Scope and Content Note
The records of the National Women’s Trade Union League of America (NWTUL) span the lifetime of the organization from its first meeting in Boston in 1903 to the last bulletin of its official organ, Life and Labor, announcing the termination of the league’s national character in 1950. The records consist of correspondence, minutes of meetings, convention proceedings, reports, memoranda, speeches, clippings, notes, printed matter, and miscellaneous other items. The collection is organized in Headquarters, Subject File, National Conventions, International Congress of Working Women, and Oversize series.
The NWTUL’s administrative operations are well documented in the Headquarters series. Its policies and activities are recorded in the minutes of the executive board meetings and in the correspondence. Most of the letters and memoranda are from national league secretaries, particularly Elisabeth Christman, who held the position from 1920 to 1950. There is also correspondence from members of both the national and local leagues, especially from the New York, Boston, and Chicago branches. Many of the local league members also served as officers or executive board members of the national league and are represented in the headquarters records. Included in this group are Margaret Dreier Robins, Mary Morton Kimball Kehew, Jane Addams, Rose Schneiderman, Mary Kenney O’ Sullivan, Melinda Scott, Agnes Nestor, and Mary E. Dreier. Interspersed with the materials documenting the activities of the league are financial statements enumerating sources of income and costs of operation.
The Subject File as well as the Headquarters records concern the league’s goal of organizing women wage workers into trade unions. There is considerable material on the early history of the league in the historical data file. Many of the files on individual members contain biographical information, and the file on the American Federation of Labor sheds light on the league’s relationship to that organization. In this file and in the headquarters records is correspondence with Samuel Gompers, Frank Morrison, Frank Duffy, and Florence Calvert Thorne.
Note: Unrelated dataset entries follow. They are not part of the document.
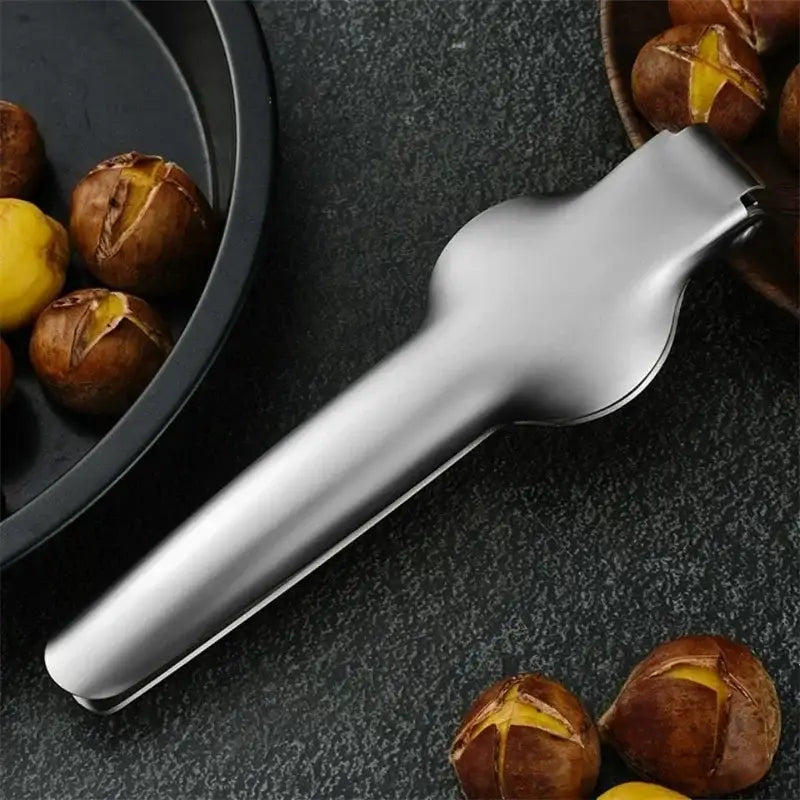 A sleek stainless steel decorbites chestnut opener with polished finish and ergonomic handle for quick clipping and cracking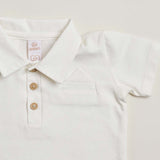A close-up of a white soft cotton polo shirt with a faux pocket, standing against a white background.
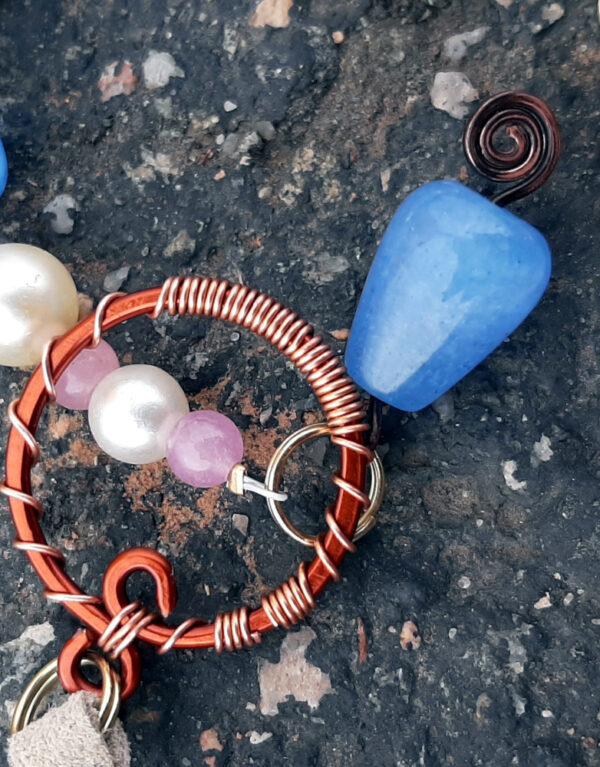 A close view of the bright copper loop at the top; it's good thick wire, shaped into a loop and hammered flat. The narrower copper wire is wrapped around it in decorative spirals.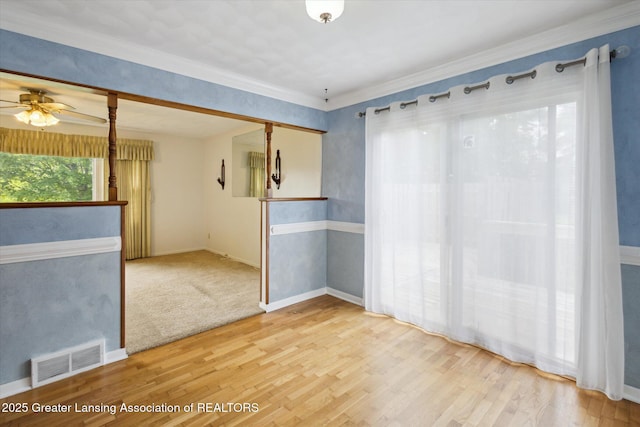 1116 W Service Rd, Mason, MI 48854 - empty room featuring a ceiling fan, wood finished floors, crown molding, and baseboards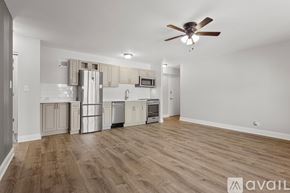 Chicago apartment for rent - A spacious kitchen with wooden floors and a ceiling fan.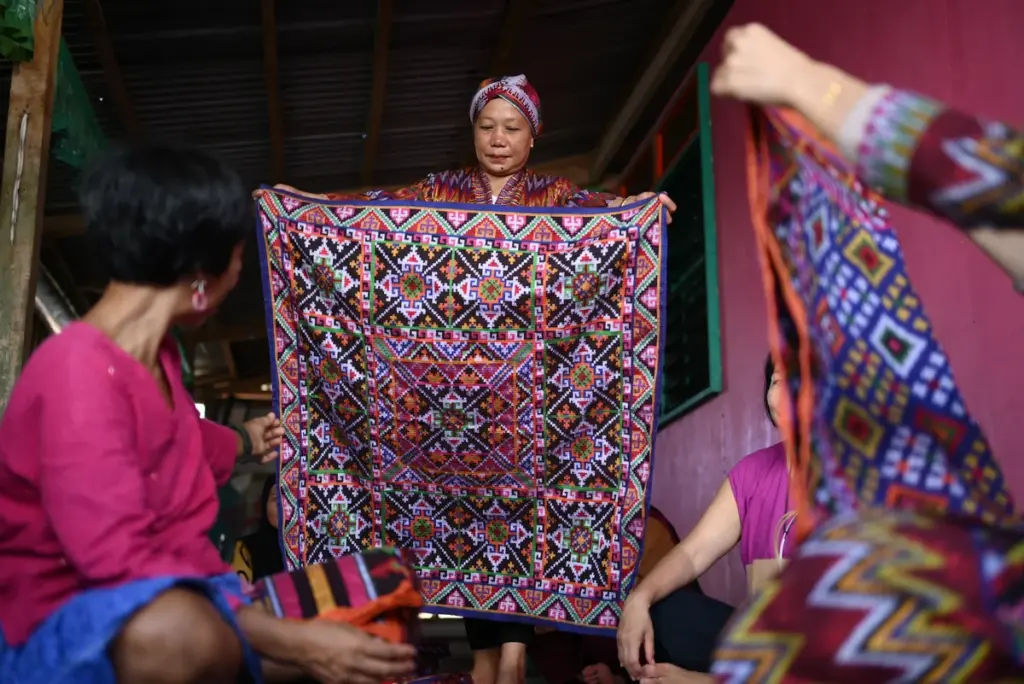 A Bangsamoro woman entrepreneur displays a richly patterned handwoven textile to a group of women during a local business skills initiative.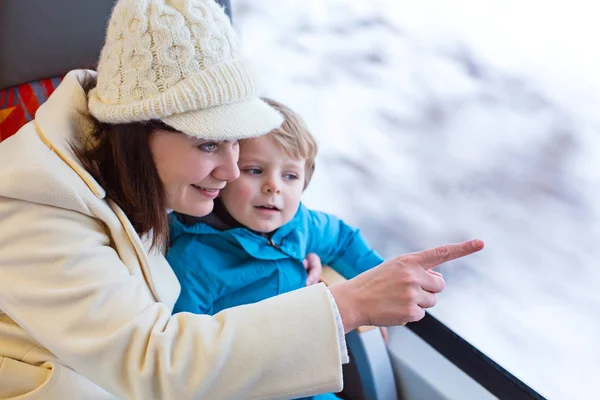 Cute little toddler boy and mother looking out train window making winter vacations — Stock Photo, Image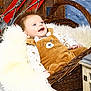 baby, infant, wicker_basket, fur_blanket, brown_overalls, bear_design, smiling, blue_eyes, rustic, wooden_skis, winter_theme, cozy, fluffy, cute, portrait, indoor, child, happy, clothing, photography
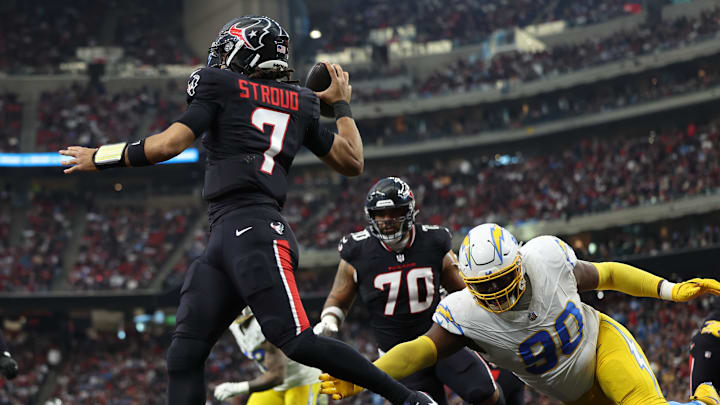 Jan 11, 2025; Houston, Texas, USA; Houston Texans quarterback C.J. Stroud (7) avoids a tackle by Los Angeles Chargers defensive tackle Teair Tart (90) during the second quarter in an AFC wild card game at NRG Stadium. Mandatory Credit: Troy Taormina-Imagn Images Jan 11, 2025; Houston, Texas, USA; Houston Texans quarterback C.J. Stroud (7) avoids a tackle by Los Angeles Chargers defensive tackle Teair Tart (90) during the second quarter in an AFC wild card game at NRG Stadium. Mandatory Credit: Troy Taormina-Imagn Images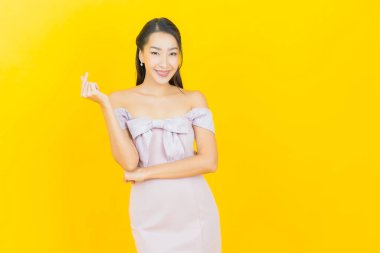 Portre güzel Asyalı kadın gülümsüyor. Renkli arka planda hareket var.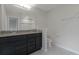 Bathroom featuring double vanity with granite countertop, toilet, and shower area with tiled walls at 5089 Caspian St, St Cloud, FL 34771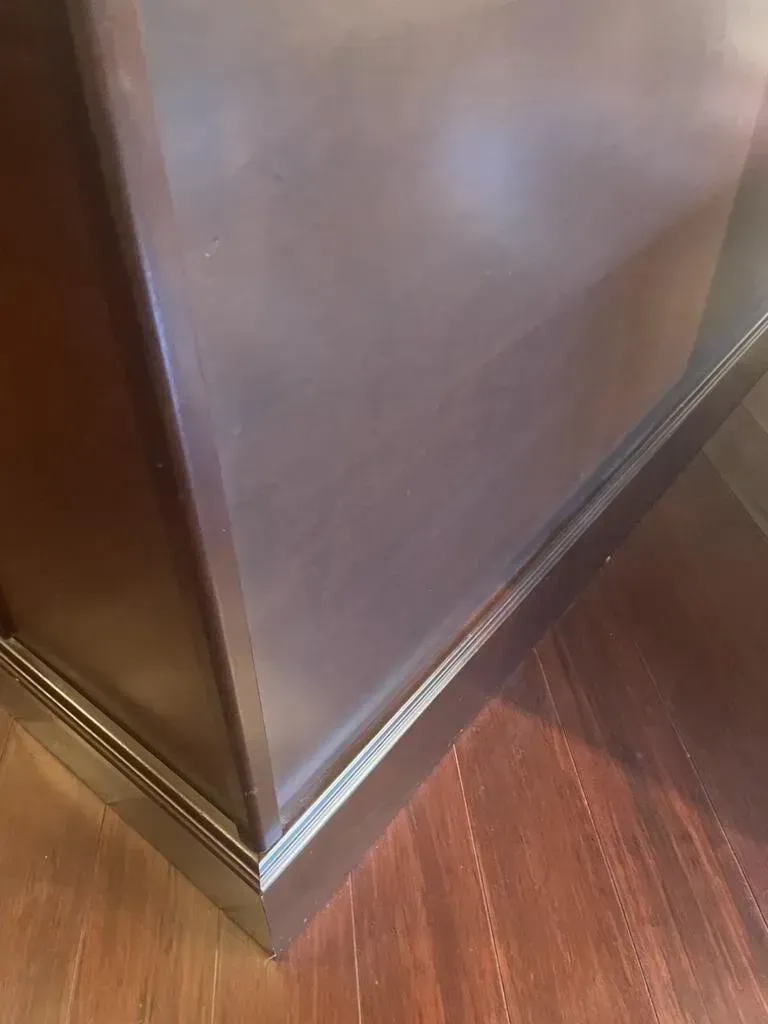 Dark brown corner cabinet, with a shiny, reflective surface, on a dark wooden floor.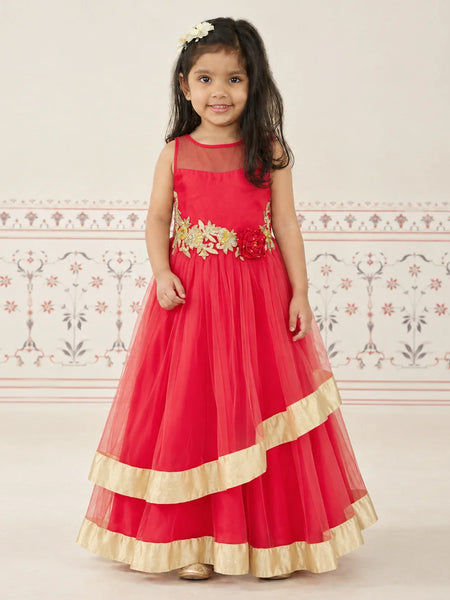 A young girl wearing a bright red sleeveless formal dress with gold floral embroidery at the waist and gold ruffled trim at the hem, standing against a light patterned wall.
Both the Headquarters records and Subject File document the league’s efforts to improve women’s working conditions through supporting strikes, particularly in the garment industry, through the use of a training school to develop leadership among women of the working class, and through lobbying for the enactment of protective labor legislation. Issues such as the eight-hour day, a minimum wage, and the establishment of sanitary work areas were the focus of the league’s early days. However, its interests broadened in later years to include federal aid to education, civil rights, price control, and social security. Correspondents include Ethel Marion Smith, Eleanor Roosevelt, Sophonisba Preston Breckinridge, Mary Anderson, Alice Henry, and Frances Perkins.
The records of the NWTUL also contain proceedings for ten of the thirteen national conventions and mimeographed corrected copies of the proceedings of the three international congresses that the league sponsored.